I like flirting with disaster with the passenger cars945.00%Don't care what the big rigs think...gimme the room1155.00%


----------



## TexanThompsons (Apr 21, 2009)

So, on my last trip to Mississippi, driving on both I-10 and I-20 I found myself at several truck stops when needing to refuel and getting in some tight binds refueling with the little cars. After nearly ripping the rear bumper off my Sydney, I decided next time I stop, I'm pulling in with the big rigs. I fueled up fine, no one said a word, but the looks from the other drivers seemed to tell a different story. I wanted to get your thoughts. What do you do? Some of you drive big rigs for a living...thoughts?

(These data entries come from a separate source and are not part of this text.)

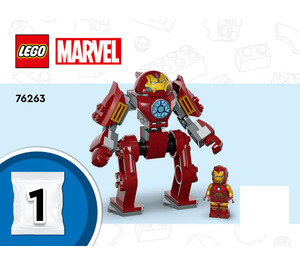 LEGO Iron Man Hulkbuster vs. Thanos Set 76263 Instructions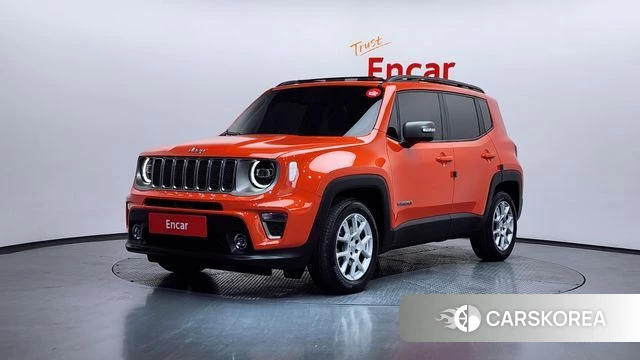 Jeep Renegade 2021 Оранжевый из Кореи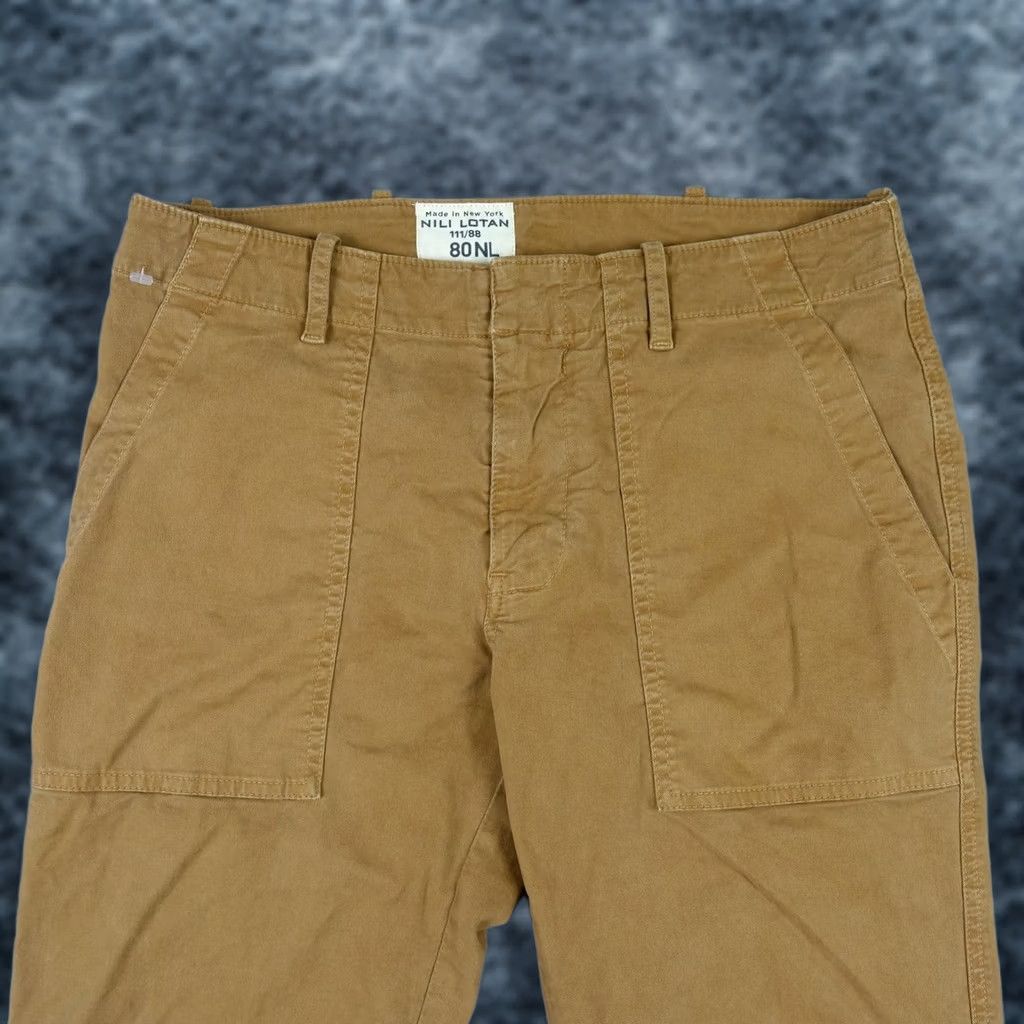 Nili Lotan Nili Lotan Pants Womens 4 Brown Twill Jogger Ankle Zip Cuffed Pockets Casual 80 Size 27" / US 4 / IT 40 - 1 Thumbnail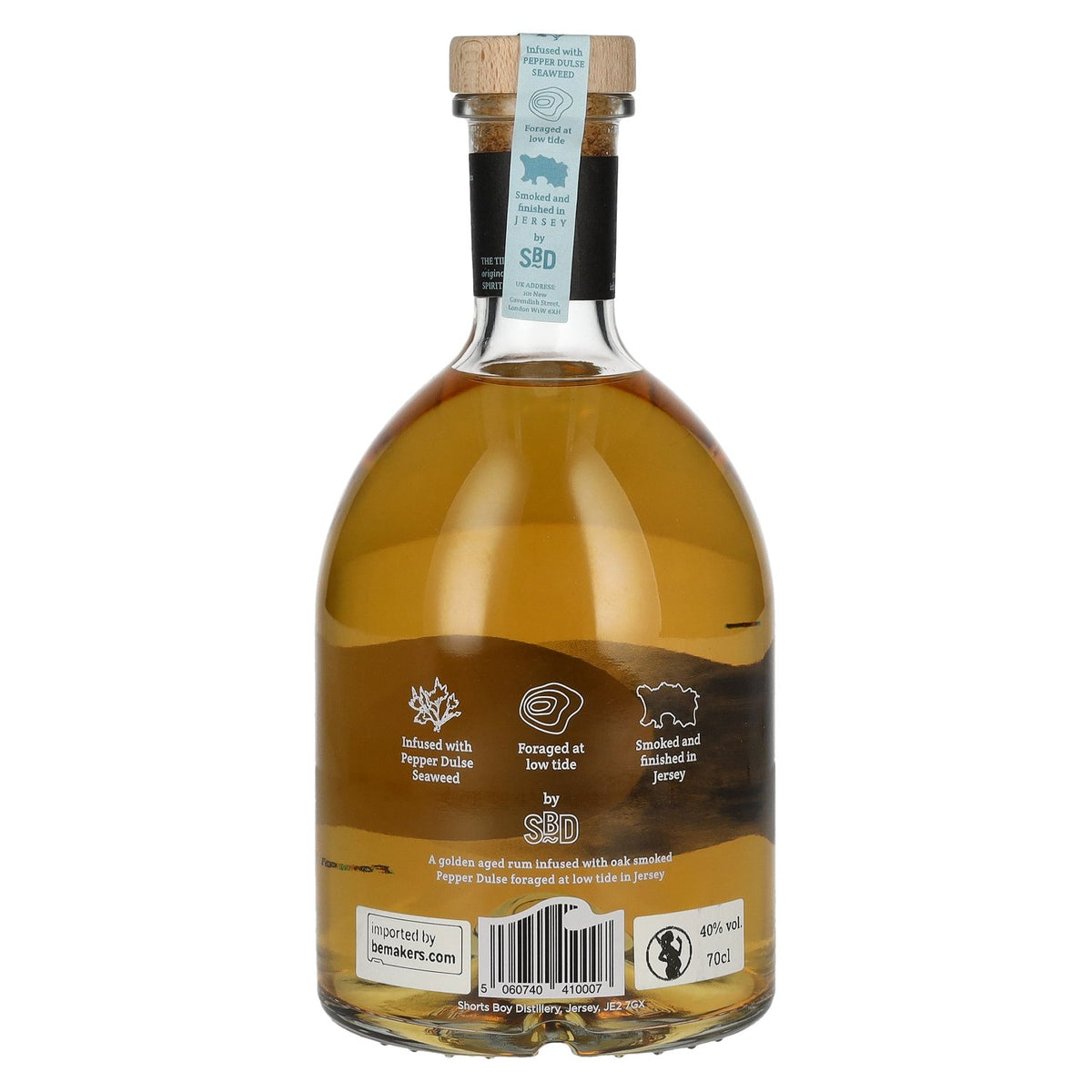 The Tidal Gold Rum 40% vol. 0,7 l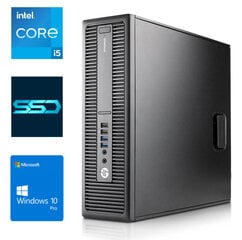 800 G2 SFF i5-6600 8GB 240GB SSD Windows 10 Professional hinta ja tiedot | Pöytätietokoneet | hobbyhall.fi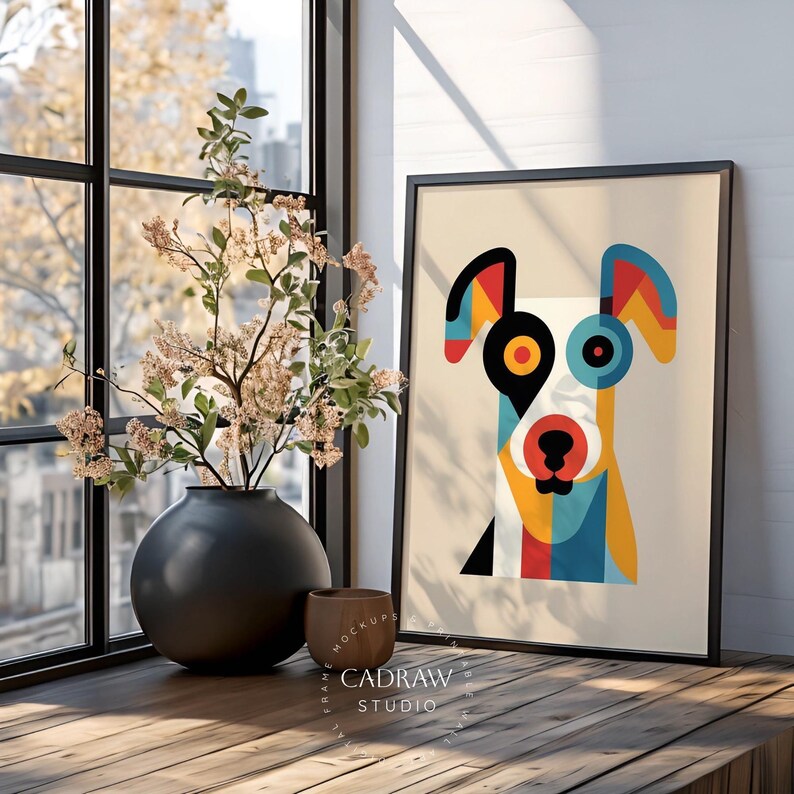 Maquette vidéo verticale avec cadre noir | Présentoir d'art mural animé | Objet intelligent PSD | Téléchargement numérique image 4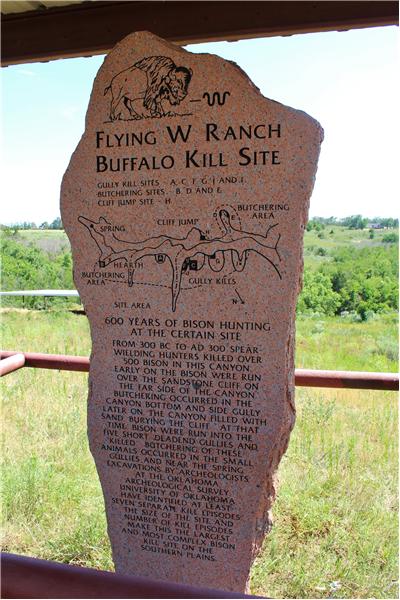 Buffalo Kill Site monument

I know some travel stops are starting to put in "RV" pumps that are not in the diesel fueling area, but still separate from where the passenger cars fill up. Those make it an easy choice.

The last thing I want is to break some unwritten RV rule that may be out there.


----------



## thefulminator (Aug 8, 2007)

IMO, your money is as green as the truckers. As long as you don't doddle I wouldn't worry about it.


----------



## TwoElkhounds (Mar 11, 2007)

Not sure about down South, but here in the Northeast you get the cash price at the "little car" pumps when you pay with a credit or debit card. If you use a credit or debit card at the "BIG TRUCK" pumps, you pay an extra 4 cents a gallon. Not much, but every little bit helps.

I use the "little car" pumps, but I have a much smaller trailer.

DAN


----------



## KTMRacer (Jun 28, 2010)

we usually stop at a flyingJ, pilot, Loves etc. and I've found that in most cases the diesel pumps are located on an island that gives adequate room, even for my 295RE. But, I've passed by more than one "regular" gas station because there was No way I was going to get in and out. Besides, gives me a chance to hone my manuvering skills!! Now some folks behind me don't like the fact that I take up a whole Island or more, but unless the stop has an RV island for me to use, I figure that's the breaks, and they could always get in line in an island w/o a diesel pump.


----------



## Nathan (Jan 2, 2007)

When I had the Diesel, I used the truck pumps whenever they were available. Usually it was me giving the Semi drivers dirty looks as they casually shopped while leaving their truck at the pumps... I've never felt pressured by the drivers, but some of the cashiers have been short on paitence when I don't understand what they want you to do to get the pump turned on. On the other hand on cashier in AZ gave me the corporate rate for the Diesel







which she really didn't have to do.

I have seen a few stations that clearly stated Semi's only, and then I simply took my buisness elsewhere.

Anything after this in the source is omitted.